The answer is the exact text of every line from the one that contains "Culla pieghevole da campeggio con materasso" to the final line of the entries below, with pictures left out.

(Stored data)
□ □ □ □ □

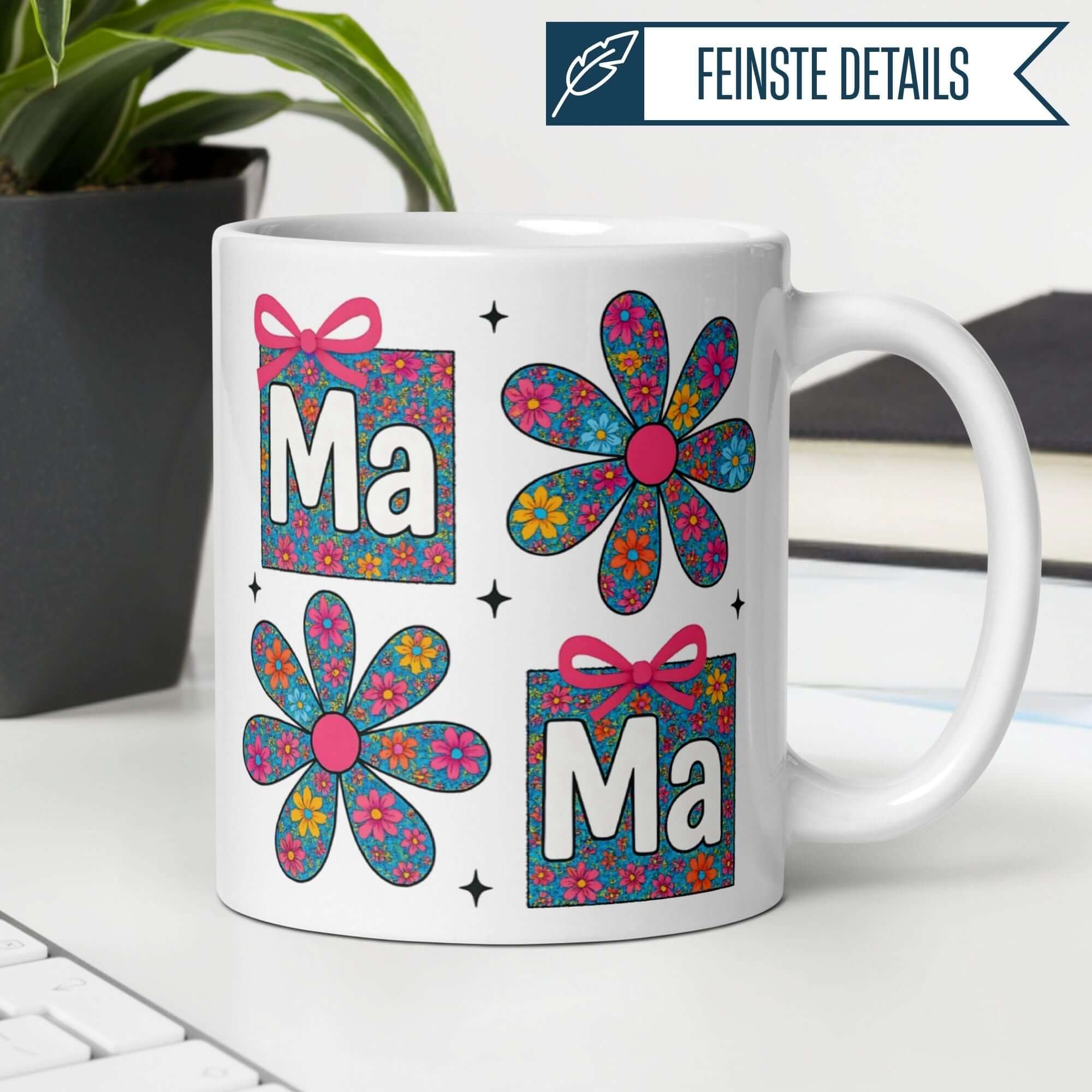 Momentals Tasse Mama mit bunten Blumenmustern und retro Schriftzügen in pink und blau.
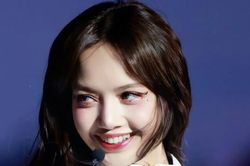 Lisa có thể rời BlackPink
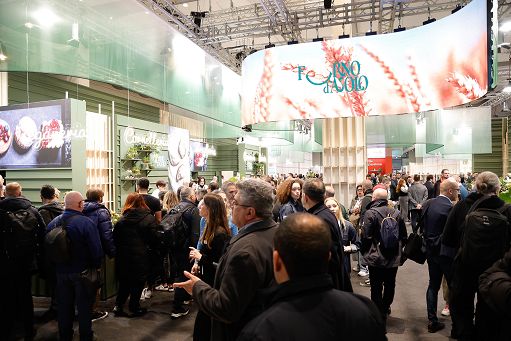 Eurozona, terziario torna a crescere, produzione luglio a massimi 8 mesi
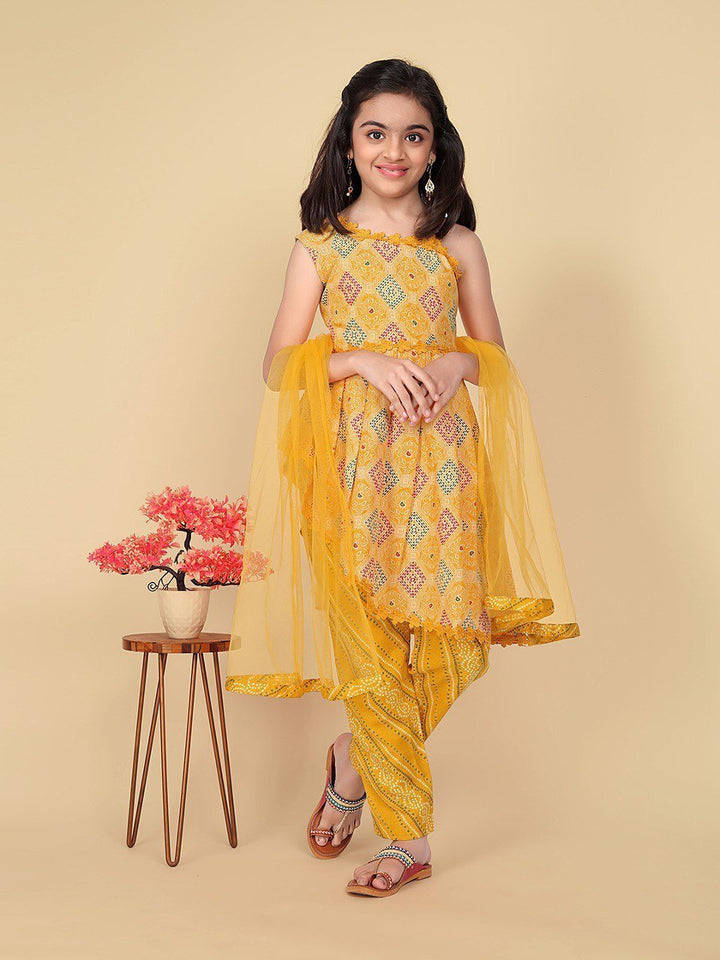 Yellow suit girl - gracy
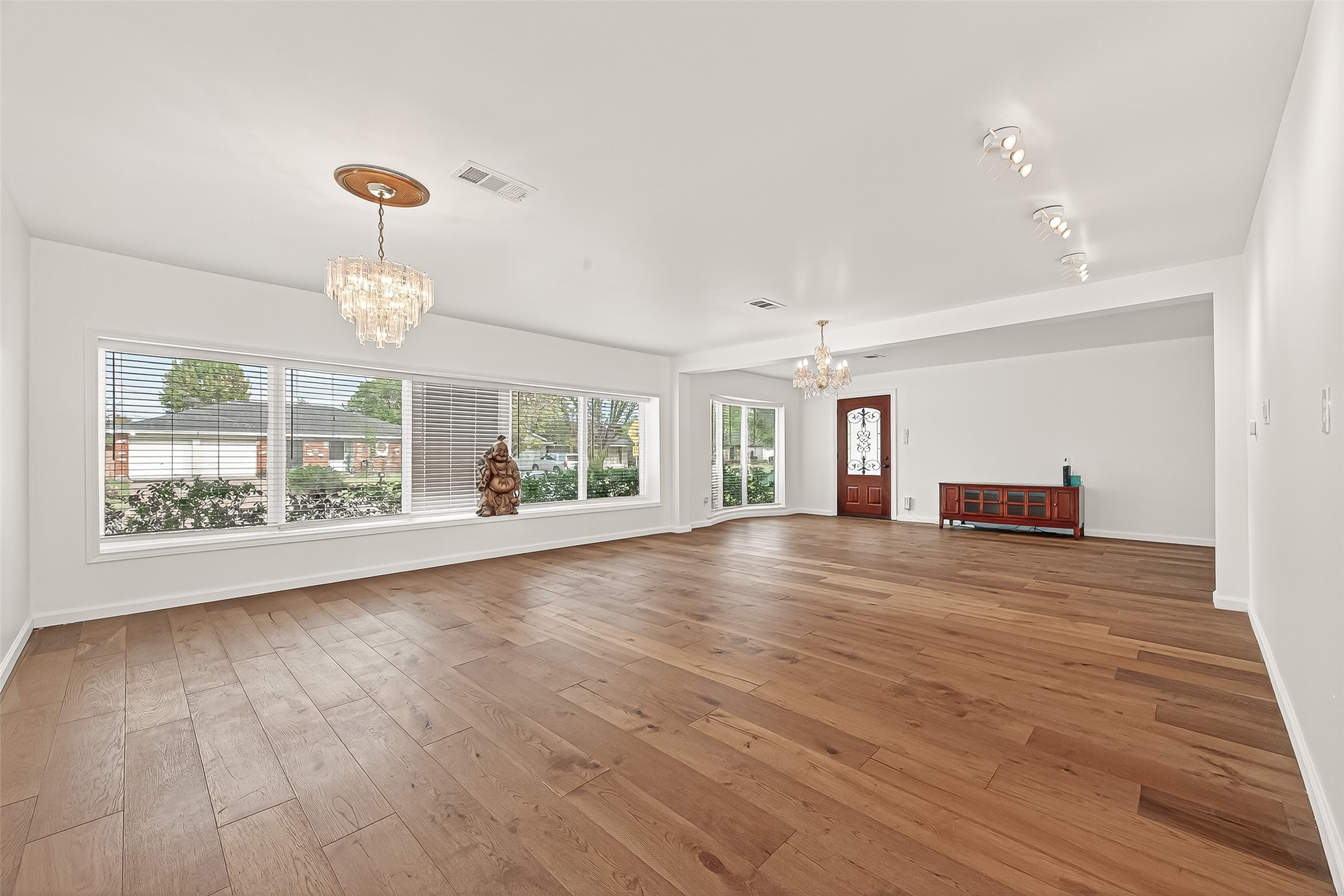 10823 Sandstone Street Houston, TX 77072 - Photo 10 of 43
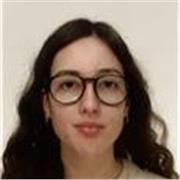 Soy una estudiante con experiencia en el extranjero que ofrece clases de inglés a niños y adolescentes.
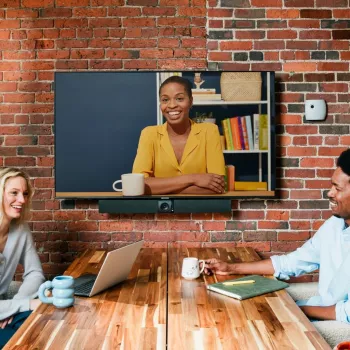 Owl Labs Owl Bar videoneuvottelulaite — 4K videoneuvottelupalkki Active Speaker Focus -toiminnolla (täydennä Meeting Owl 3:lla tai Prolla 360 asteen kattavuuteen ja automaattiseen kameran vaihtoon)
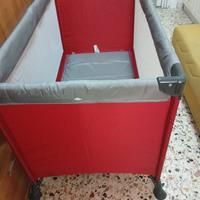 Culla pieghevole da campeggio con materasso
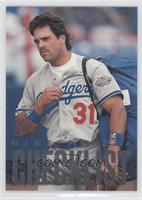 Mike Piazza (Carrying Bag)
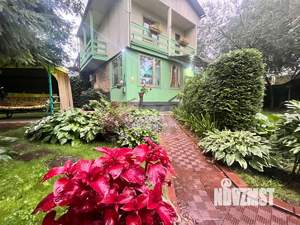 Дом 95м², 2-этажный, участок 4 сот.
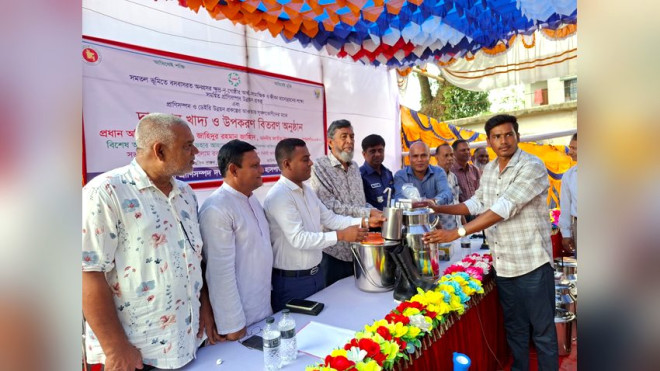পীরগঞ্জে ক্ষুদ্র নৃগোষ্ঠীর মাঝে পশুখাদ্য ও উপকরণ বিতরণ
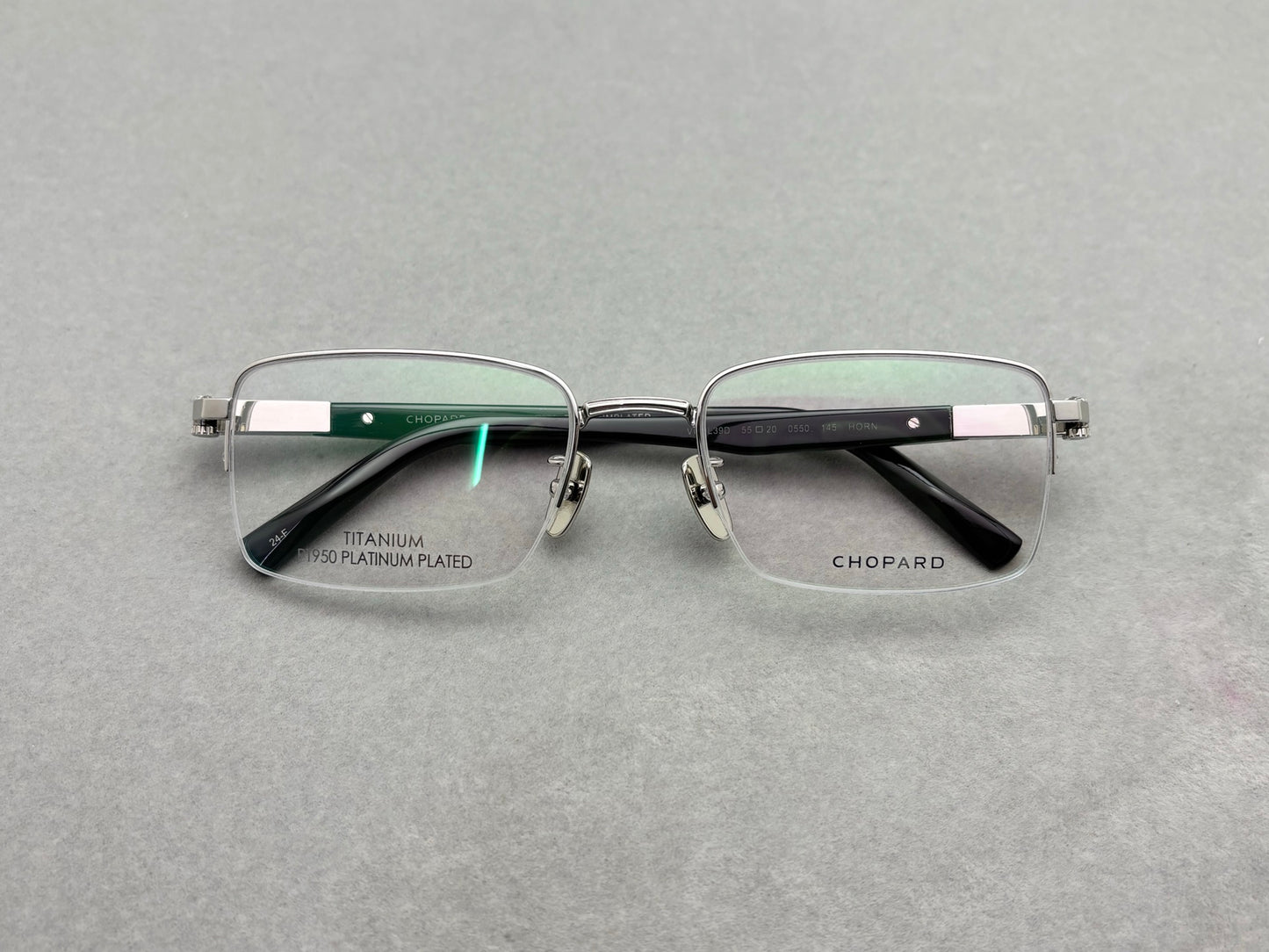 CHOPARD 蕭邦 男女款商務眼鏡VCHL39D牛角鏡腳size：55-20-145總寬145框高38
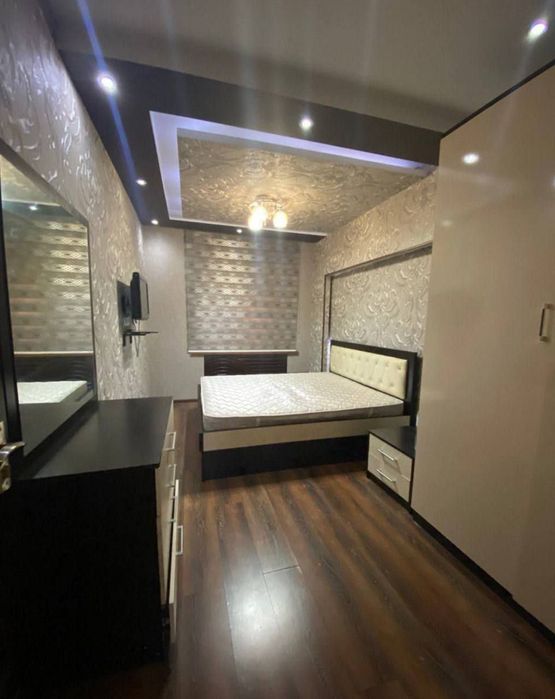 Квартира на Ц5-на небе 4/1/4 общ пл 85м  с обстановкой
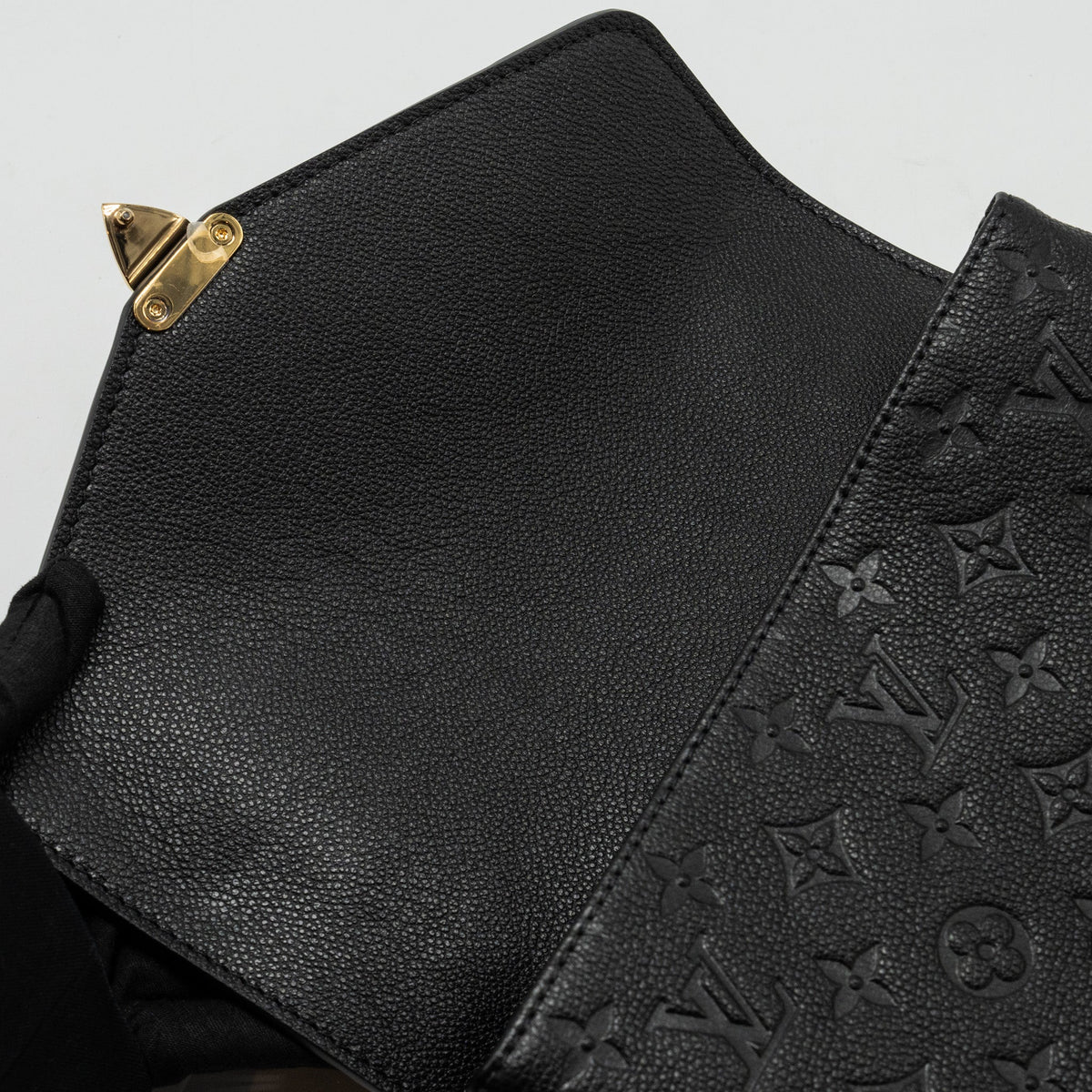 Louis Vuitton Pochette Metis Monogram Empreinte Black GHW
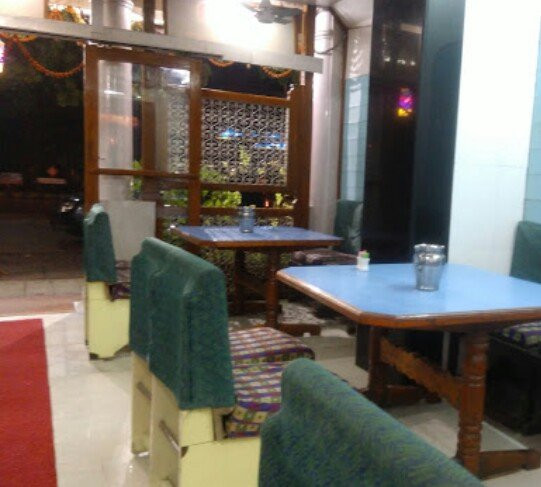 Hotel Arya Niwas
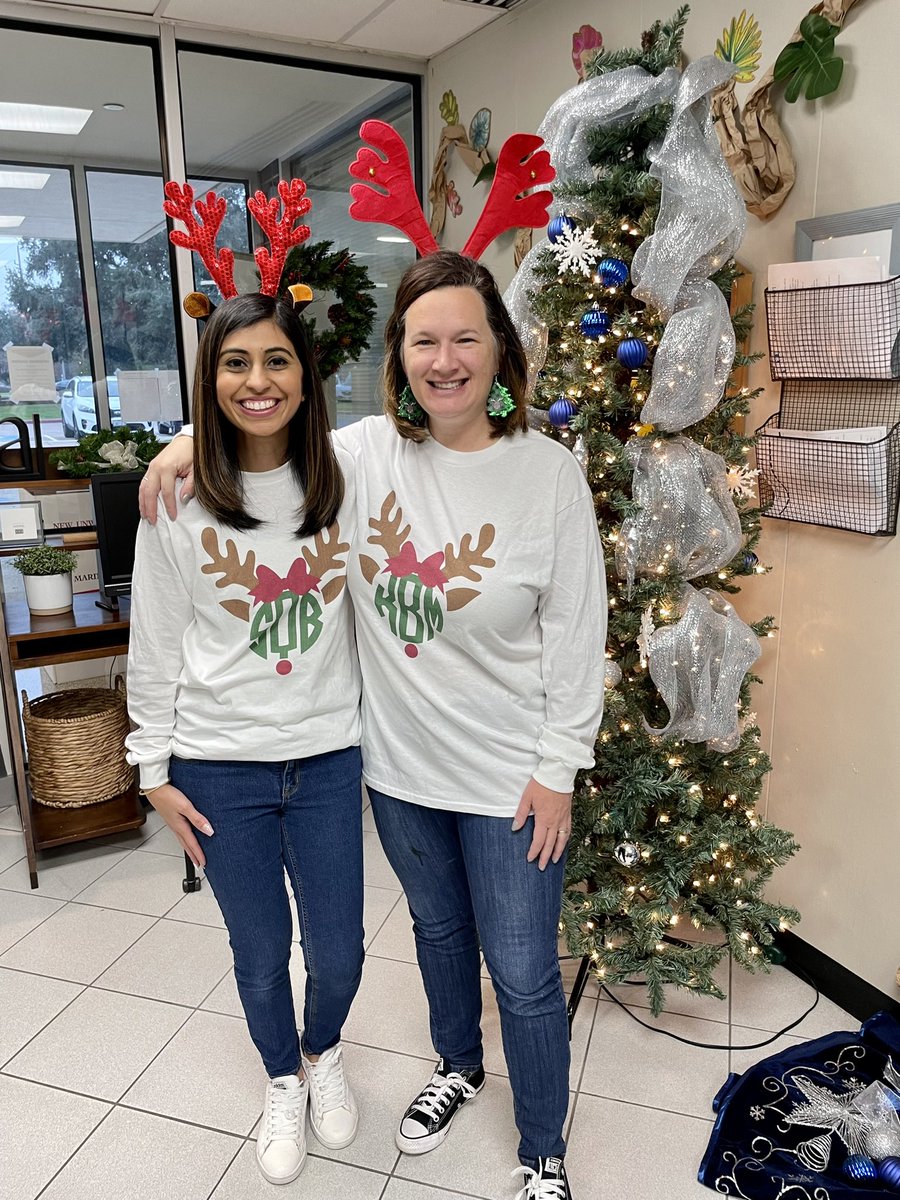 Shazia Qazi (@shaziabqazi) on Twitter photo Love this time of year! Dressing up with <a href="/LeadLearnerKB/">Kari Bruhn</a> is always the best! <a href="/PGE_CougarCubs/">Pecan Grove Elementary</a> Love this time of year! Dressing up with <a href="/LeadLearnerKB/">Kari Bruhn</a> is always the best! <a href="/PGE_CougarCubs/">Pecan Grove Elementary</a>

□ □ □ □ □

:: EXERCISE SOLUTION ::
 Culla pieghevole da campeggio con materasso
 Mike Piazza (Carrying Bag)
 Дом 95м², 2-этажный, участок 4 сот.
পীরগঞ্জে ক্ষুদ্র নৃগোষ্ঠীর মাঝে পশুখাদ্য ও উপকরণ বিতরণ
 CHOPARD 蕭邦 男女款商務眼鏡VCHL39D牛角鏡腳size：55-20-145總寬145框高38
 Квартира на Ц5-на небе 4/1/4 общ пл 85м  с обстановкой
 Louis Vuitton Pochette Metis Monogram Empreinte Black GHW
 Hotel Arya Niwas
 Shazia Qazi (@shaziabqazi) on Twitter photo Love this time of year! Dressing up with <a href="/LeadLearnerKB/">Kari Bruhn</a> is always the best! <a href="/PGE_CougarCubs/">Pecan Grove Elementary</a> Love this time of year! Dressing up with <a href="/LeadLearnerKB/">Kari Bruhn</a> is always the best! <a href="/PGE_CougarCubs/">Pecan Grove Elementary</a>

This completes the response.